Near Cache Optimization
Section titled “Near Cache Optimization”The client-side near cache eliminates network round-trips for frequently read keys:
LoomClient client = LoomClient.builder() .nearCacheEnabled(true) .nearCacheTtl(Duration.ofSeconds(30)) .nearCacheMaxSize(10000) .build();| Metric | Without Near Cache | With Near Cache |
|---|---|---|
| GET latency | ~1–5ms (network) | ~0.01ms (local) |
| Network load | Every read | Only misses |
| Consistency | Linearizable | Eventual (TTL-bounded) |
Near cache entries are invalidated via server push (instant) with TTL-based polling as fallback.
Hot-Key Detection
Section titled “Hot-Key Detection”Hot-Key Detection & Near Caching
Mitigating Thundering Herd problems automatically
A classic distributed systems problem is the “Thundering Herd” or “Hot Key” issue, where 90% of traffic suddenly targets a single Map key (which lives on a single partition leader).

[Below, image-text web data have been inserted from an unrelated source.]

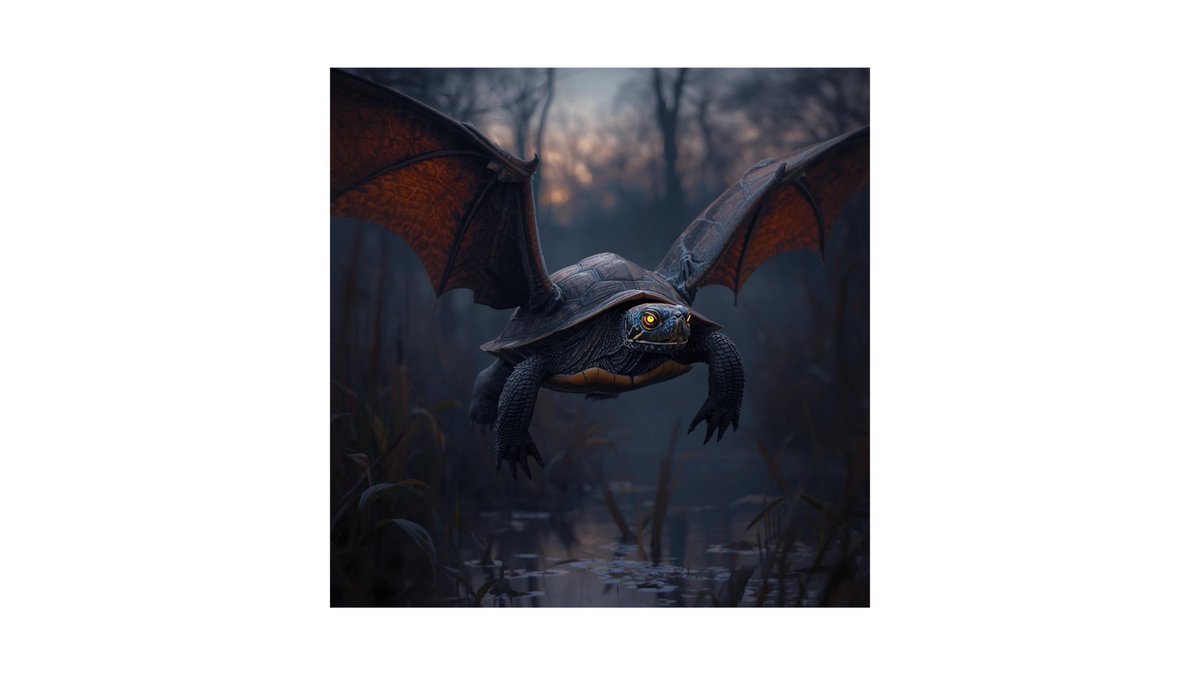 Brandi Hazelwood tweet media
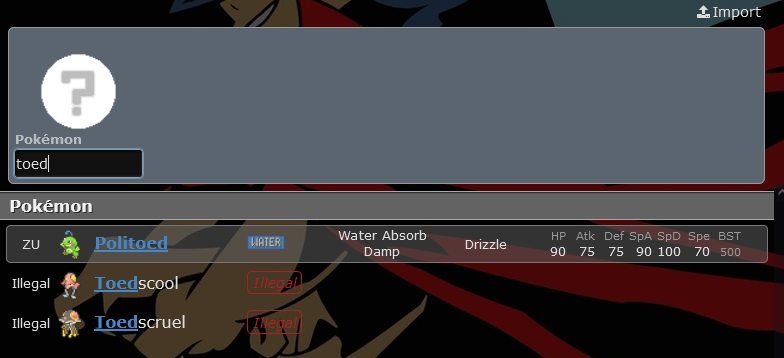1723758544183.png
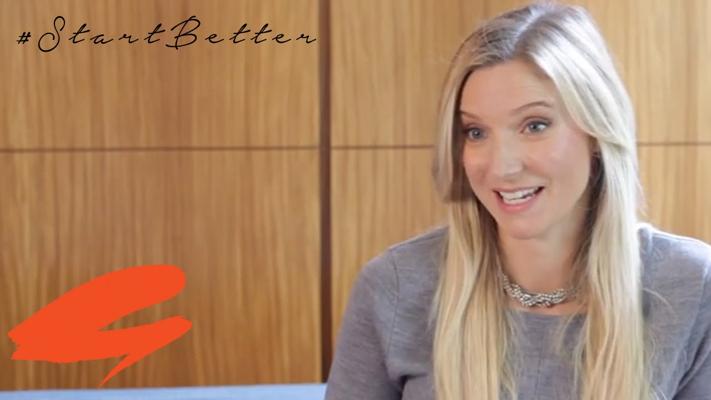 Calgary Avansino, photo 2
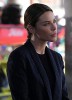 photo Lauren German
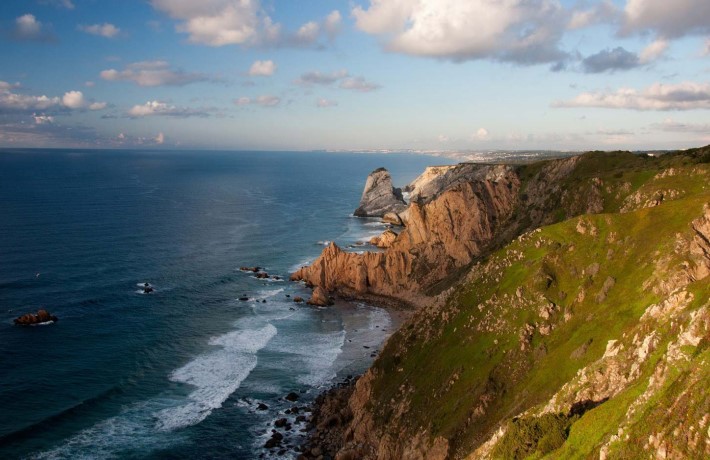 Portogallo-Cabo-da-Roca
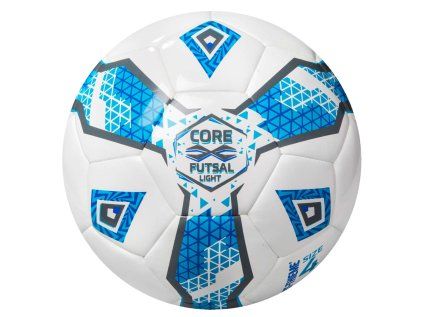Futsalová lopta Sport-Thieme CoreX Kids Veľkosť: č.4 350g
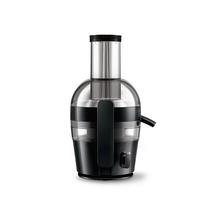 Philips Juice Extractor HR1855/70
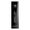 Givenchy Prisme Libre Skin-Caring Matte Fondotinta N345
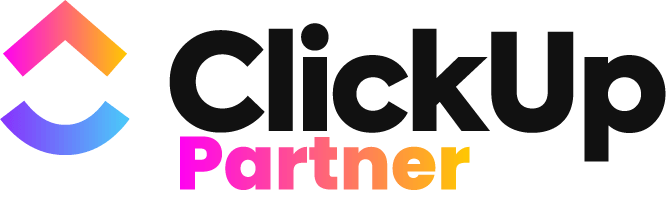 Click-up-partner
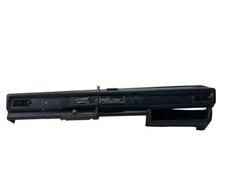 Volkswagen T3 Typ 2  245 Armaturenbrett Dashboard Cockpit Schwarz - BASTLER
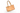 Seasoned No. 714 - Tote in Natural Tan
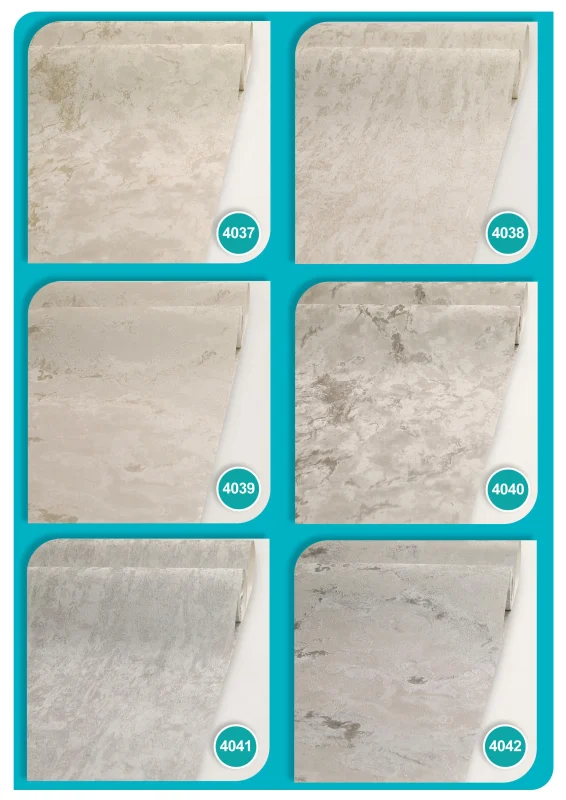 کد بندی تایفون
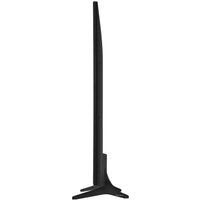 Телевизор LG 43UF680V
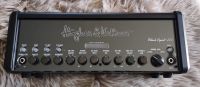 Hughes & Kettner Black Spirit 200 inkl. neuem (!) FSM 432 MK IV Baden-Württemberg - Vogtsburg Vorschau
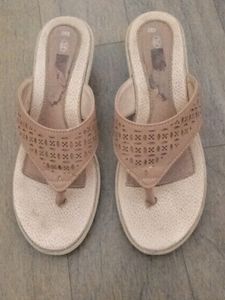 Comfortable Women's Sandals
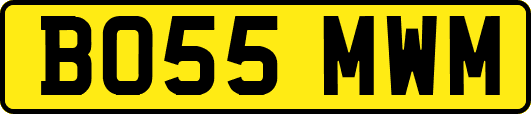 BO55MWM
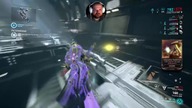 Warframe 2023 - gramy, robimy wszystko i nic :)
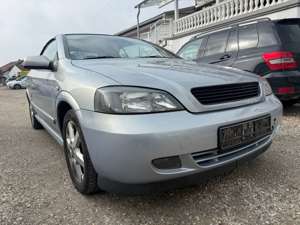 Opel Astra 1.8 16V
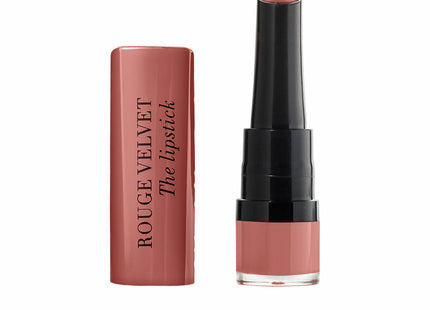 V2H4F4452C7513B564015703F025506525FR7342463P1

LoomCache combats this via the HotKeyDetector. Through non-blocking, sliding-window sampling (default 5% sampling rate), LoomCache identifies hotspots and exposes them through SlotMetrics.
Configuration
Section titled “Configuration”HotKeyConfig.builder() .enabled(true) .samplingRate(0.05) // 5% of accesses sampled .threshold(100) // 100+ accesses/window = hot .window(Duration.ofSeconds(60)) .maxTrackedKeys(50000) .build();Applications can query hot key data and configure the LoomClient’s Near Cache to aggressively cache hot keys client-side, offloading the Raft leader entirely.
JFR Profiling
Section titled “JFR Profiling”LoomCache emits 5 custom JFR (Java Flight Recorder) events for production profiling:
| Event | Data |
|---|---|
CacheOperationEvent | Key, operation, latency, result |
EvictionEvent | Key, policy, reason |
NetworkConnectionEvent | Peer, connect/disconnect, duration |
RaftAppendEvent | Term, index, entry count, latency |
RaftElectionEvent | Candidate, term, votes, outcome |
Enable JFR in production with zero overhead:
java -XX:StartFlightRecording=filename=loomcache.jfr,duration=60s ...Raft Consensus Tuning
Section titled “Raft Consensus Tuning”| Parameter | Default | Aggressive | Conservative |
|---|---|---|---|
| Heartbeat interval | 100ms | 50ms | 500ms |
| Election timeout | 300–600ms | 100–200ms | 1000–2000ms |
| Max entries/append | 100 | 200 | 50 |
| Replication interval | 50ms | 25ms | 100ms |
Trade-offs: Aggressive settings reduce failure detection latency but increase CPU and network overhead. Conservative settings reduce churn but increase time-to-recovery after failures.